LEVH-İ MAHFUZ KÂİNATIN HAFIZASIDIR
Bütün mevcudatla ilgili emir ve hükümlerin, mukadderat ve plânların, proje ve programların yazıldığı, korunduğu, muhafaza edildiği ve zamanı gelince icraya dökülmek üzere saklandığı alan levh-i mahfuzdur.
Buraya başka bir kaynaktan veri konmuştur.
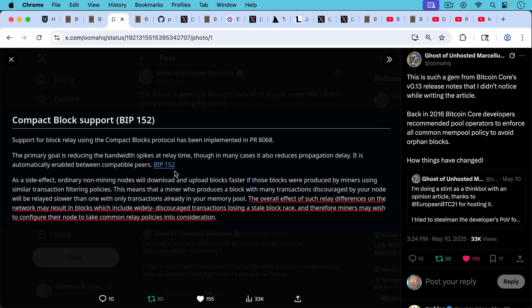Here's an example from Bitcoin Core in 2016. This is BIP 152 discussing compact blocks. The primary goals were reducing the bandwidth spikes at relay time. As a side effect, ordinary non-mining nodes like you and me will download and upload blocks faster if those blocks were produced by miners using similar transaction filtering policies. Oh, it looks like they're doing some filtering. It's not censorship back then. Everyone understood this.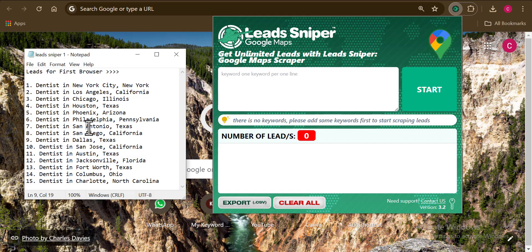I have my lead list ready, written out in a notepad. I didn't write this from my head — I used a format. Using this format is going to help me get the best results from Google Maps. The format is very simple and clear: you need your targeted niche first, followed by your targeted location. The first keyword should be your targeted niche and the second keyword your targeted location.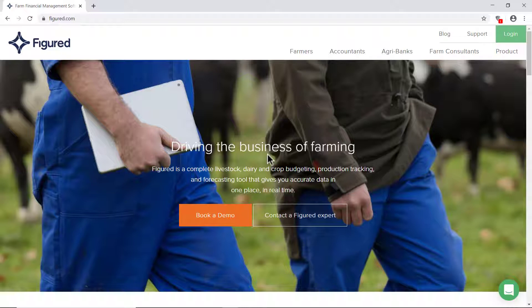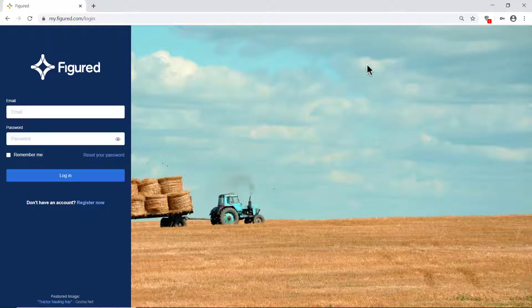Firstly, head to figured.com and then click on the green login button on the top right of the page. Enter your email and password to login. If you can't remember your password, you can click on reset password and instructions on how to login will be sent to your email address.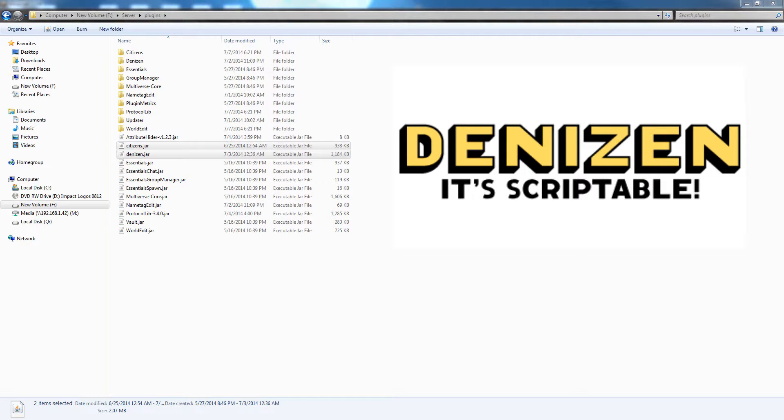Hello everybody, this is Lockheed Minecraft and today I'm going to be talking to you about the Minecraft scripting plugin Denizen.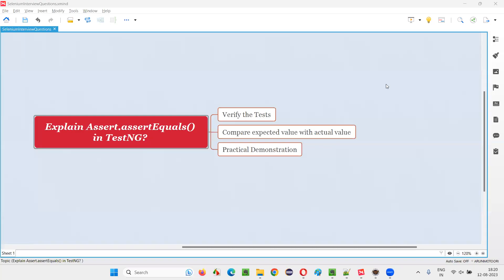Hello, all. Welcome to this session. In this session, I'm going to answer one of the Selenium interview questions — explain assert.assertEquals in TestNG.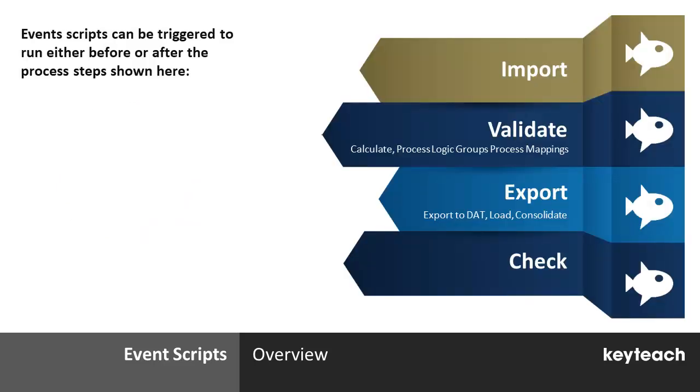That process is actually broader than it may appear from the data load workbench and is actually broken down into multiple steps as indicated on the right hand side of this slide. Before or after the execution of any of these steps, we can add scripts to add our own custom logic to the standard process.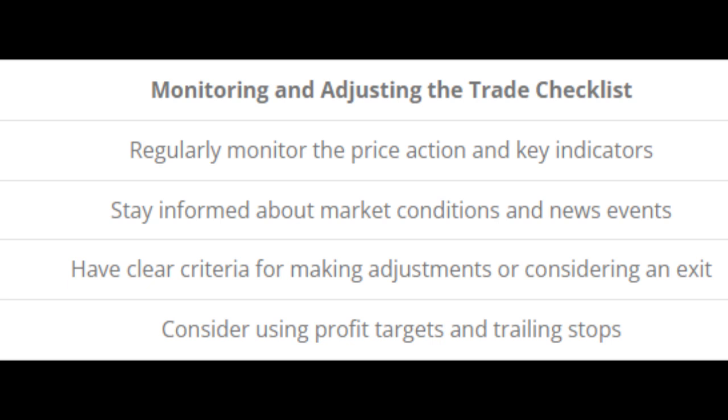You need to monitor the price action and reassess the confluence of factors to ensure the trade remains favorable. It's like adjusting your route based on real-time traffic updates. Having clear criteria for making adjustments or considering an exit — such as a predefined profit target and trailing stops — can help you make rational decisions and protect your capital.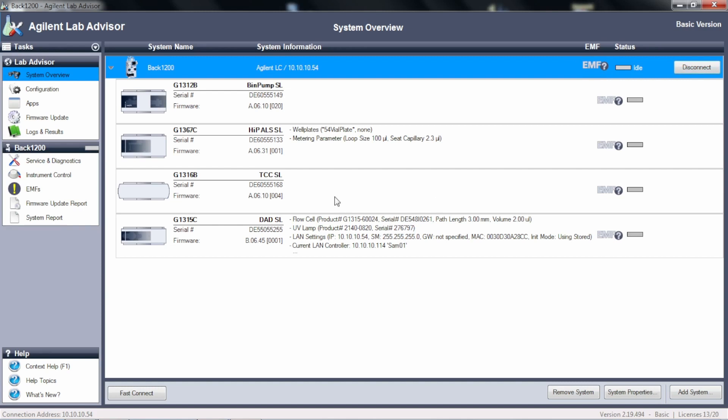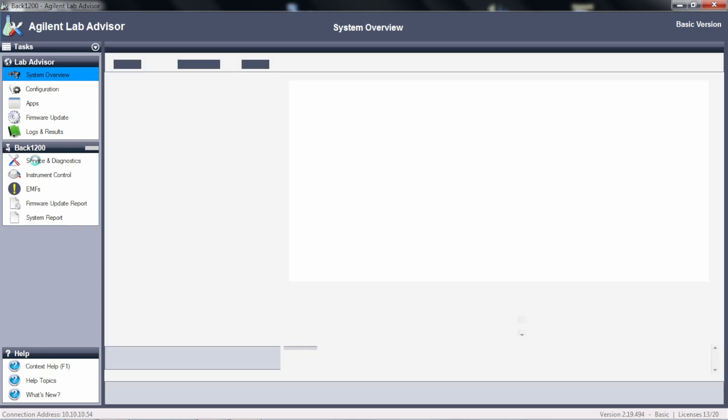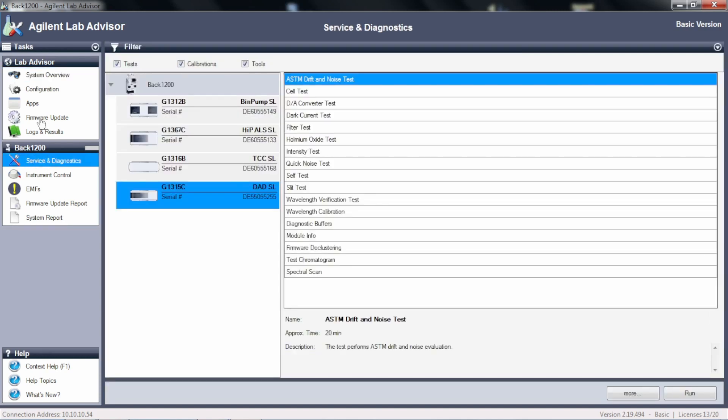So now we're going to go over to service and diagnostics. By the way, this is a great place to do things like your firmware updates. So now we're looking at service and diagnostics, I'm in the diode array screen, and here we have all the tests that we saw before.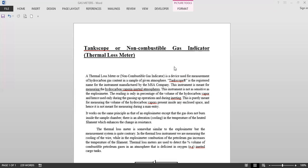So a thermal loss meter or a non-combustible gas indicator is a device used for measurement of hydrocarbon gas content in a sample of given atmosphere.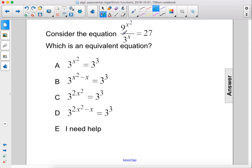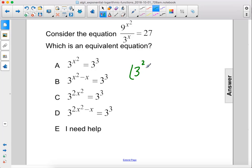Consider the equation 9 to the x squared power over 3 to the x power equals 27, which is an equivalent equation. Let's rewrite this numerator here as 3 to the second power to the x squared power.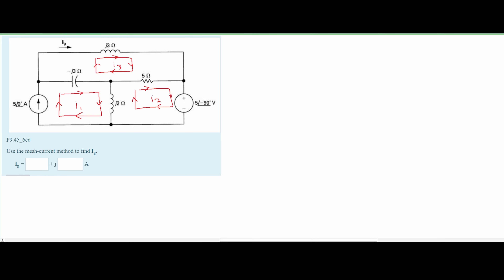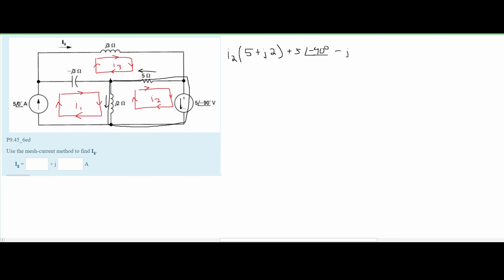For I2, we can see that we don't have just a single current flowing through here, so we add the I2 impedances together. We have I2 out front, and then 5 plus J times 2 inside, because we need to add the impedances. Next, we add this voltage — it's going down into the positive and out of the negative, so we have a plus 5 with a negative 90 degree angle. We also need to subtract our I1 and I3 since they go in the opposite direction of I2. So we subtract the impedance J2 times 5∠0° for I1, and subtract the impedance 5 times I of G for I3. This is all set equal to 0.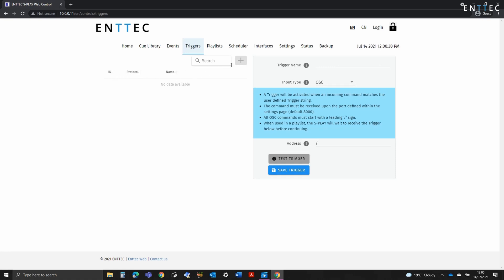When setting up your triggers in control system, we've included a test trigger button on each to speed things up. When this is enabled, the Splay will wait for your trigger so you can make sure everything works as expected before adding it into your playlists. So on to creating triggers.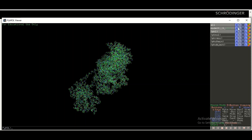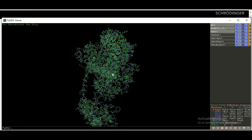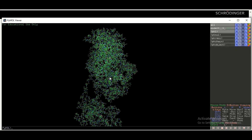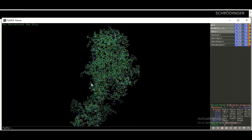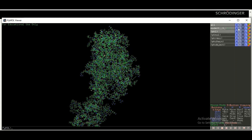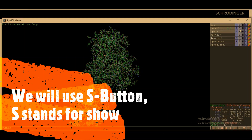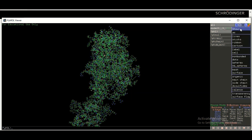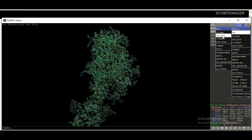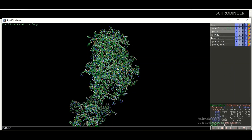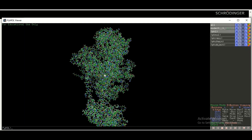You can also change the appearance of your three-dimensional structure from the wire format to other standard formats. To change the representation, click the right-hand side buttons. There are buttons labeled A, S, H, L, and C. Right now we are going to use the S button, which represents Show. Click S, then Show, then Sticks. The representation will change from wire or line format to the sticks format.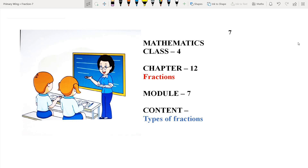Hello students, how are you? I hope you are all fine. Students, in previous lecture, we have learned four types of fractions. First is unit fraction, second is like fraction, third is unlike fraction and fourth is proper fraction. Today, we will learn the next two fractions, that is improper fractions and mixed fractions.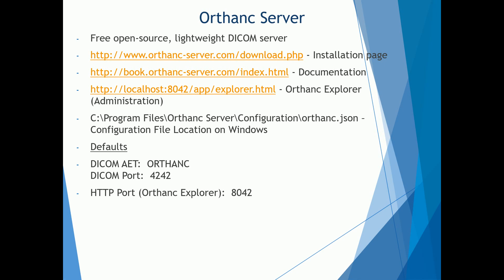You're going to download the Orthanc server, which is a lightweight DICOM server that kind of mimics a PAC server. If you look back at the intro course, you'll see that DICOM is the standard form of communication. This DICOM server will be able to send and receive images.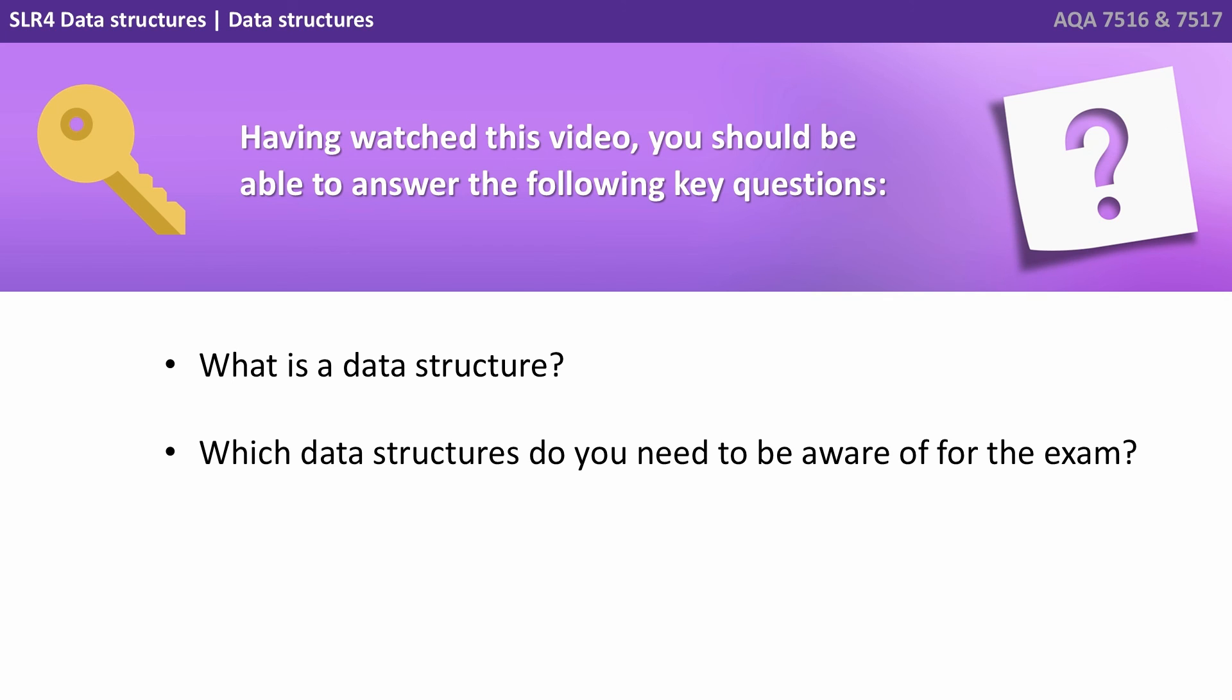Having watched this video, you should be able to answer the following key questions: What is a data structure? And which data structures do you need to be aware of for the exam?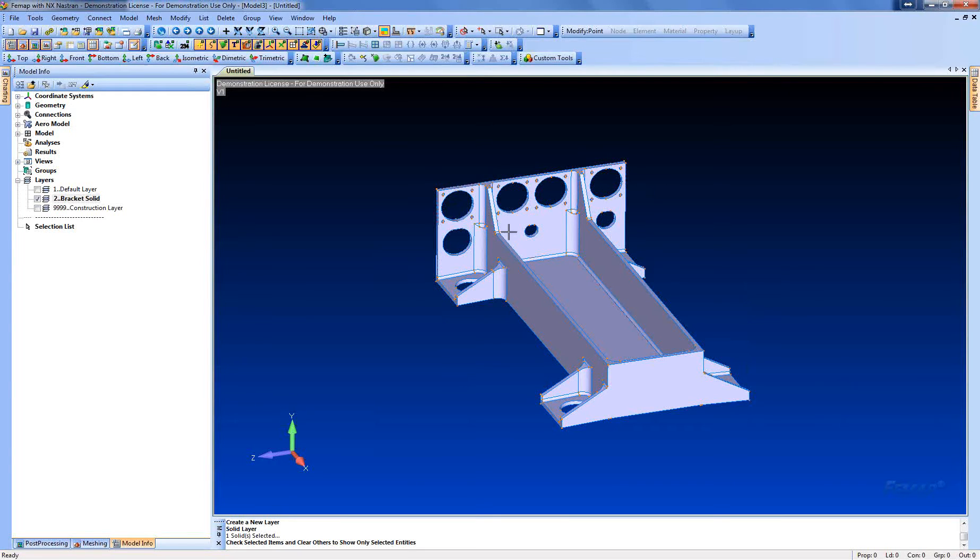Now the next thing that we're going to do is we have to prepare this geometry for mid-surfacing. And as you can see, it has fillets and holes and things that we don't want to model.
Cenâb-ı Hak buyurur ki: “Ölüleri diriltecek olan ve onların iyi ve kötü işleriyle arkalarında bıraktıkları eserleri zayi etmeyip kaydeden Biz’iz! Biz her şeyi İmam-ı Mübîn’de (Levh-i Mahfuzda) tek tek yazdık.”6
Kur’ân levh-i mahfuzda yazılmış, korunmuş ve yeryüzüne levh-i mahfuzdan indirilmiştir.7
Bediüzzaman’a göre hafıza kuvvetimizin işaret ettiği levh-i mahfuz8, bütün varlıkların asıllarının ve hakikatlerinin yer aldığı büyük kader defteri hükmündedir ki, kâinatta akıp giden olayların hepsi bu hükümlerin ve yazıların uygulama alanına dökülüşü demektir.9
Üstad Bedîüzzaman’ın diğer bir ifadesiyle, âlemde her mevcut, Levh-i Mahfuzda yazılmış yazının cisimleşmiş bir lâfız olarak görüntüsünden ibarettir.
Dipnotlar: 1- Bedîüzzaman, Mesnevî-i Nuriye, Yeni Asya Neş. s. 99. 2- Kastalanî, Mevahibü’l-Ledünniye, c.1 s. 7. 3- Hûd Sûresi: 7. 4- Tecrid-i Sarih Tercemesi, 9/7. 5- Mesnevî-i Nûriye, s. 91. 6 -Yâsîn Sûresi: 12. 7- Bürûc Sûresi: 22. 8- Sözler, s. 149, 433. 9- Sözler, s. 505; Mektûbât, s. 40, 41. 10- Şuâlar, s. 150.